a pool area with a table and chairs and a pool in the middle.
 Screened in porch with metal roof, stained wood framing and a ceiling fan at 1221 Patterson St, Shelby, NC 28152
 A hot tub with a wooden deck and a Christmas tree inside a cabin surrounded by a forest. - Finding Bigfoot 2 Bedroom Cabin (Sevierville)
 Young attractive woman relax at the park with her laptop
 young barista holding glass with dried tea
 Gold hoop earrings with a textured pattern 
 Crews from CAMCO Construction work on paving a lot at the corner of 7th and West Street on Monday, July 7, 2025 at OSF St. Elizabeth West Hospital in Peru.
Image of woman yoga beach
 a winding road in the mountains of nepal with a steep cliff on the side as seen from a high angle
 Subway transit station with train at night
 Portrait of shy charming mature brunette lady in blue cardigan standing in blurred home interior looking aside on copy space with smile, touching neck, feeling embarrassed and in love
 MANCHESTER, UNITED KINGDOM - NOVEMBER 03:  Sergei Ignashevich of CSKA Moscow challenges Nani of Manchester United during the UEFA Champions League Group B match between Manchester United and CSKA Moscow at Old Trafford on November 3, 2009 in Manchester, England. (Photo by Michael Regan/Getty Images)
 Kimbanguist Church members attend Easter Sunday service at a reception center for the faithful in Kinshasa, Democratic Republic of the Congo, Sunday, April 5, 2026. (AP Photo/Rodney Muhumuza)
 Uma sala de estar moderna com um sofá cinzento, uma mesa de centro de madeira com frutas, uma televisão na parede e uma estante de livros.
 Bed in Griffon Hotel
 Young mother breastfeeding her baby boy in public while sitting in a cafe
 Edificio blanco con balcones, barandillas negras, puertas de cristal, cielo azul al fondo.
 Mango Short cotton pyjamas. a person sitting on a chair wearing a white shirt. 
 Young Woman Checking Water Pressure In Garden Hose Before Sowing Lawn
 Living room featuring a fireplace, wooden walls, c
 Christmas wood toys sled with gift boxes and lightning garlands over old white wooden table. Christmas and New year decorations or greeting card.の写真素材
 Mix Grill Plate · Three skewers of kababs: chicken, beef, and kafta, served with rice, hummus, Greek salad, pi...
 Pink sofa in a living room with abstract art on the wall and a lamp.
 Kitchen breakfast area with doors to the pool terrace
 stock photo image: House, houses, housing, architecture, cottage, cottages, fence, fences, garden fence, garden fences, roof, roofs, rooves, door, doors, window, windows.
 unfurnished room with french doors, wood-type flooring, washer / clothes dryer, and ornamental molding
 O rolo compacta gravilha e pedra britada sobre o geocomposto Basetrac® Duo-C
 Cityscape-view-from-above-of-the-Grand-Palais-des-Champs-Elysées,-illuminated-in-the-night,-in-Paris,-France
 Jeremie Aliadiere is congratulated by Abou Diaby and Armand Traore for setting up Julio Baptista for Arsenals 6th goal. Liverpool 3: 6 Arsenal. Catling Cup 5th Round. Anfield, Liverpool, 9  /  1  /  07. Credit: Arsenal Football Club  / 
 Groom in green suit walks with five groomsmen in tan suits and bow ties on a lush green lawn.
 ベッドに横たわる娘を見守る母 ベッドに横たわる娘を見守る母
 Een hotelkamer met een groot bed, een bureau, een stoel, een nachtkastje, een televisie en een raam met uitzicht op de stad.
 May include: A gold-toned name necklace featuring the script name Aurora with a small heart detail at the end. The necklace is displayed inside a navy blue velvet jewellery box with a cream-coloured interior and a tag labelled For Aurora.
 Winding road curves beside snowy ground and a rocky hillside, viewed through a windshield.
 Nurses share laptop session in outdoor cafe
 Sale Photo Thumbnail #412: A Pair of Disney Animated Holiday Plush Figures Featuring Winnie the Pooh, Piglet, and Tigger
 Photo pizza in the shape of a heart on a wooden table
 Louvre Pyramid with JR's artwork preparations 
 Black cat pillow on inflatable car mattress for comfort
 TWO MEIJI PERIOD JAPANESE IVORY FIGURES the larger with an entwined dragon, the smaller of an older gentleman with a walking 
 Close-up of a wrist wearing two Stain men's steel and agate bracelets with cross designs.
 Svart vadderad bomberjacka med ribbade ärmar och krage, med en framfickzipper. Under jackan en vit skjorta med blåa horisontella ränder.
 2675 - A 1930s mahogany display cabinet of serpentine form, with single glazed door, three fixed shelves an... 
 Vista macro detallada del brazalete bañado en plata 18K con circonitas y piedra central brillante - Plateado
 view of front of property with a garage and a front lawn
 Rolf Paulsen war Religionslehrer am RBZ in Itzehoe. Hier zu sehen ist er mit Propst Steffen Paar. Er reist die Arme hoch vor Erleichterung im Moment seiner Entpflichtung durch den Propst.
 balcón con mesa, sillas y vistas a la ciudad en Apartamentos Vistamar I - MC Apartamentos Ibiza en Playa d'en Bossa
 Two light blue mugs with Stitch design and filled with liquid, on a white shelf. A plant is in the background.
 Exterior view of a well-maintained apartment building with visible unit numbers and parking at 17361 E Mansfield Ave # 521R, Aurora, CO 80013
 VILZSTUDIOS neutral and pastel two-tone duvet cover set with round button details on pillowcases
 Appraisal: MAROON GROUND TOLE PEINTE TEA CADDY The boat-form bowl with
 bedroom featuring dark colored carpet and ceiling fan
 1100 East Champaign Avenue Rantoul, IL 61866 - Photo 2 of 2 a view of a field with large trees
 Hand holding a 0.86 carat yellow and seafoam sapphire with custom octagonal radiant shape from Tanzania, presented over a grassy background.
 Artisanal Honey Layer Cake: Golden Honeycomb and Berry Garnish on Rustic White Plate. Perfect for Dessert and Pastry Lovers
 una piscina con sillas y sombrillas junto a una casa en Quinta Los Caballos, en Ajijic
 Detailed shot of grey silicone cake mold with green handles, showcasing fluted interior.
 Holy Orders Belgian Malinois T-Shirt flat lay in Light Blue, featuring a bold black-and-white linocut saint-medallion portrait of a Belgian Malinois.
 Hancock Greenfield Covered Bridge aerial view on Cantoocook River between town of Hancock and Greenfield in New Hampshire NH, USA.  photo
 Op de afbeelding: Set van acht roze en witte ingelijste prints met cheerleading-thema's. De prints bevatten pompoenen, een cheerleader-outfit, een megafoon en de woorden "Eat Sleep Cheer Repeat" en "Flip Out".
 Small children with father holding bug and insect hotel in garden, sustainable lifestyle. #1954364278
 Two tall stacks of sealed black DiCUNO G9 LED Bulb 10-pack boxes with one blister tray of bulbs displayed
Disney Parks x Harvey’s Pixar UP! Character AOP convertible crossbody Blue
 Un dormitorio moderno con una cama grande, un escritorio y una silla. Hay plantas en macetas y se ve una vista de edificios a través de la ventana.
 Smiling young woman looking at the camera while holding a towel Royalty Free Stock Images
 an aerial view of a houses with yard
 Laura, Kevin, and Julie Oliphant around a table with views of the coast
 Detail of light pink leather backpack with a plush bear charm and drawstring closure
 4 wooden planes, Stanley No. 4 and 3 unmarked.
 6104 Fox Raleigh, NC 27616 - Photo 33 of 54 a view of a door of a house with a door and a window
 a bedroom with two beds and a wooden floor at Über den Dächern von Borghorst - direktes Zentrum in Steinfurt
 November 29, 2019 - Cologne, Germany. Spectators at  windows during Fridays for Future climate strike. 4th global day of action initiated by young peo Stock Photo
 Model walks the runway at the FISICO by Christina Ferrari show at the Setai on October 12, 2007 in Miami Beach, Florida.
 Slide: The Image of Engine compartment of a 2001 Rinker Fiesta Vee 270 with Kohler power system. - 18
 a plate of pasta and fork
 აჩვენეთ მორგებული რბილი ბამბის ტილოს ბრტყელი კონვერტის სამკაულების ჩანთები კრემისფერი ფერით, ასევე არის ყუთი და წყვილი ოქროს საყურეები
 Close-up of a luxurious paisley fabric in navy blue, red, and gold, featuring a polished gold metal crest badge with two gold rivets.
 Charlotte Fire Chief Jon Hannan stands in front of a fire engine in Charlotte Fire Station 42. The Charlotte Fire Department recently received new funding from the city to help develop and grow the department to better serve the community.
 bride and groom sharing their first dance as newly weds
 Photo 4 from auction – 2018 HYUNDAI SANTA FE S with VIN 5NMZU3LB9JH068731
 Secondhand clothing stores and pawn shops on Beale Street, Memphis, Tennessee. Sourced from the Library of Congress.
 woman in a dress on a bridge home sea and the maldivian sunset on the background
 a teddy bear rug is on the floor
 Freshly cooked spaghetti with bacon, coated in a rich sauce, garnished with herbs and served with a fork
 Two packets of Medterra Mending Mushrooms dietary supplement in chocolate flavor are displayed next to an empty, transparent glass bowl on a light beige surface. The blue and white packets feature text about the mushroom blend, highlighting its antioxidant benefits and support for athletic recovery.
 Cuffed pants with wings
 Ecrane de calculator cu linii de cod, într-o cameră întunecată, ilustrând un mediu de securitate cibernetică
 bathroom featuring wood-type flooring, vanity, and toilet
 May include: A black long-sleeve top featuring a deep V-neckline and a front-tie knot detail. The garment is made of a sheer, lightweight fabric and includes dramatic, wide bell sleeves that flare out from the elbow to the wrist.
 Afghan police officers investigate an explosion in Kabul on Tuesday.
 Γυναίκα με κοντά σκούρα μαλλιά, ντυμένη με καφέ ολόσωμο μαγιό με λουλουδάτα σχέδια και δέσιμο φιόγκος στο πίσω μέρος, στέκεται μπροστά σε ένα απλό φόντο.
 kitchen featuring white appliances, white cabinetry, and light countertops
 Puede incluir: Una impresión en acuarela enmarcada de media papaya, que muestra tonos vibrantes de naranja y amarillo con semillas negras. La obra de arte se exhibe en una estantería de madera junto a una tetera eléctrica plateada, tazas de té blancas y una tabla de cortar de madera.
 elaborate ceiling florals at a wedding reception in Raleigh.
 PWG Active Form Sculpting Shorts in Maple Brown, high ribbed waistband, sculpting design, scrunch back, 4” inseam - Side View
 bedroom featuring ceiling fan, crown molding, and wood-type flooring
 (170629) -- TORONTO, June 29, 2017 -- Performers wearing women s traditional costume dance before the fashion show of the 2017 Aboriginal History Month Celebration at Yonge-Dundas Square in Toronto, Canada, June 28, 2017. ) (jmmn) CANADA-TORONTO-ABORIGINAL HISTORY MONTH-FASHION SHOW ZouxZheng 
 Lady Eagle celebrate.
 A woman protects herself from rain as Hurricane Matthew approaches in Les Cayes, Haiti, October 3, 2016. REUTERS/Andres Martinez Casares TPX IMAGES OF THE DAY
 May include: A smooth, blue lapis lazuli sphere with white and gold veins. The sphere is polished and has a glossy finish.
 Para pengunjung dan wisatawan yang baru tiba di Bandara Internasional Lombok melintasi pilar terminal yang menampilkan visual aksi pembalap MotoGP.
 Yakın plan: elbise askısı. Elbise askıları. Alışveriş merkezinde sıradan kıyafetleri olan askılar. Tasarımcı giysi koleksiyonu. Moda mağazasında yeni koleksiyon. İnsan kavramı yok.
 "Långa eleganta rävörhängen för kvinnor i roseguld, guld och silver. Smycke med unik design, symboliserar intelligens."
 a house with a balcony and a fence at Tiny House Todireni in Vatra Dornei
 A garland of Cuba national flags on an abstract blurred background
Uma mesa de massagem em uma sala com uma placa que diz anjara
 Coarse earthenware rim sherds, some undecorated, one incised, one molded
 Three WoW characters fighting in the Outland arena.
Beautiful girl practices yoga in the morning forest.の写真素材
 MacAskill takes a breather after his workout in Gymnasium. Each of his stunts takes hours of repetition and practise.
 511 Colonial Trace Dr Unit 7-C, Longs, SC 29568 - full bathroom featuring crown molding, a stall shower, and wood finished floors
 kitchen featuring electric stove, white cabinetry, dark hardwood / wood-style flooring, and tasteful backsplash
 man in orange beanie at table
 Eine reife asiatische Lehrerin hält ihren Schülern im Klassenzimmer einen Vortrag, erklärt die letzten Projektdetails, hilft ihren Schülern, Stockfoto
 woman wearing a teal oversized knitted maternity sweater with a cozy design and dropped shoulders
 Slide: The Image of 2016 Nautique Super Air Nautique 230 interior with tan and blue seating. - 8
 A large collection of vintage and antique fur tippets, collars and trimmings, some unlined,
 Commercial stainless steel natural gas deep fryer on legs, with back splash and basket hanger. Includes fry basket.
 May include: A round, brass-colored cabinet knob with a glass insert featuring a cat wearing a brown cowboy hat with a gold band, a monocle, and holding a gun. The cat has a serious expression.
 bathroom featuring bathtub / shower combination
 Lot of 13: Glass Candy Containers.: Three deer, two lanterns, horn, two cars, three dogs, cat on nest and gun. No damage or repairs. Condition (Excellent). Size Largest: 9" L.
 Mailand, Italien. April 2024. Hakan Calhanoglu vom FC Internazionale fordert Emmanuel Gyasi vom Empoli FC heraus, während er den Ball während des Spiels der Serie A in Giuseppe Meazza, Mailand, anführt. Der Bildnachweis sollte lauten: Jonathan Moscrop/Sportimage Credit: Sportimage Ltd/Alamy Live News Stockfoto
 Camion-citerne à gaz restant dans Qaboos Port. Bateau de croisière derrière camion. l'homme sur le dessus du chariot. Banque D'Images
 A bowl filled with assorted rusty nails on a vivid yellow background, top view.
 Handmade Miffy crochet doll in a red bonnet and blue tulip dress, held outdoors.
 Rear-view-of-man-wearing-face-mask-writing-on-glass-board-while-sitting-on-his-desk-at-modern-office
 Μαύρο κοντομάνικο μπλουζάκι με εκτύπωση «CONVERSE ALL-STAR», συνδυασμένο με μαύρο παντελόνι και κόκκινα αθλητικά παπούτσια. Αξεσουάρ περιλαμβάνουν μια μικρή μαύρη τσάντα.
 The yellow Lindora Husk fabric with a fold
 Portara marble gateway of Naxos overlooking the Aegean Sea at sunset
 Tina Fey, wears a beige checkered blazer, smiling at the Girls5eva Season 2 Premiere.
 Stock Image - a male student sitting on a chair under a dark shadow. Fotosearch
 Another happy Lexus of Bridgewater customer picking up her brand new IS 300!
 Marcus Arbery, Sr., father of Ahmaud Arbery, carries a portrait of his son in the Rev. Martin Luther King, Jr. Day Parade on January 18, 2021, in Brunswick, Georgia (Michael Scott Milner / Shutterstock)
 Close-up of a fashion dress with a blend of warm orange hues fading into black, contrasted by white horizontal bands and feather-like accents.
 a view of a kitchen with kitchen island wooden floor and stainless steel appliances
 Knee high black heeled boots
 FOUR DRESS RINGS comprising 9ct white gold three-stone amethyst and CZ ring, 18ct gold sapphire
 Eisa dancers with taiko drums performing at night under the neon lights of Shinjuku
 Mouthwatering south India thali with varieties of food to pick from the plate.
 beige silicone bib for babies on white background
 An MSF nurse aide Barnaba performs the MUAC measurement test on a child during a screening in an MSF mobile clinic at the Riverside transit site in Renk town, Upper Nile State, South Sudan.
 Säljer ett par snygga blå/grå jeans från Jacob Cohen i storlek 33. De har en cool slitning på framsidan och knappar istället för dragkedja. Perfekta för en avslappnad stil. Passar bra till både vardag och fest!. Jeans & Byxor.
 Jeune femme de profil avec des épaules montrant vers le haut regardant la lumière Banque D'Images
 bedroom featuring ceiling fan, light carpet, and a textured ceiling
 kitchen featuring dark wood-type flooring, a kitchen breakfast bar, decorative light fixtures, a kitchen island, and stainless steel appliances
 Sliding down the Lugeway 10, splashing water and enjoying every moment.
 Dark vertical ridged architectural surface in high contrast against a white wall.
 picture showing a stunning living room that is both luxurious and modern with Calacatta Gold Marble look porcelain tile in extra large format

○ ○ ○ ○

## [TASK ITEM]
The answer must consist of every line above that contains the word "shape".

## [EXERCISE RESPONSE]
 Photo pizza in the shape of a heart on a wooden table
 Hand holding a 0.86 carat yellow and seafoam sapphire with custom octagonal radiant shape from Tanzania, presented over a grassy background.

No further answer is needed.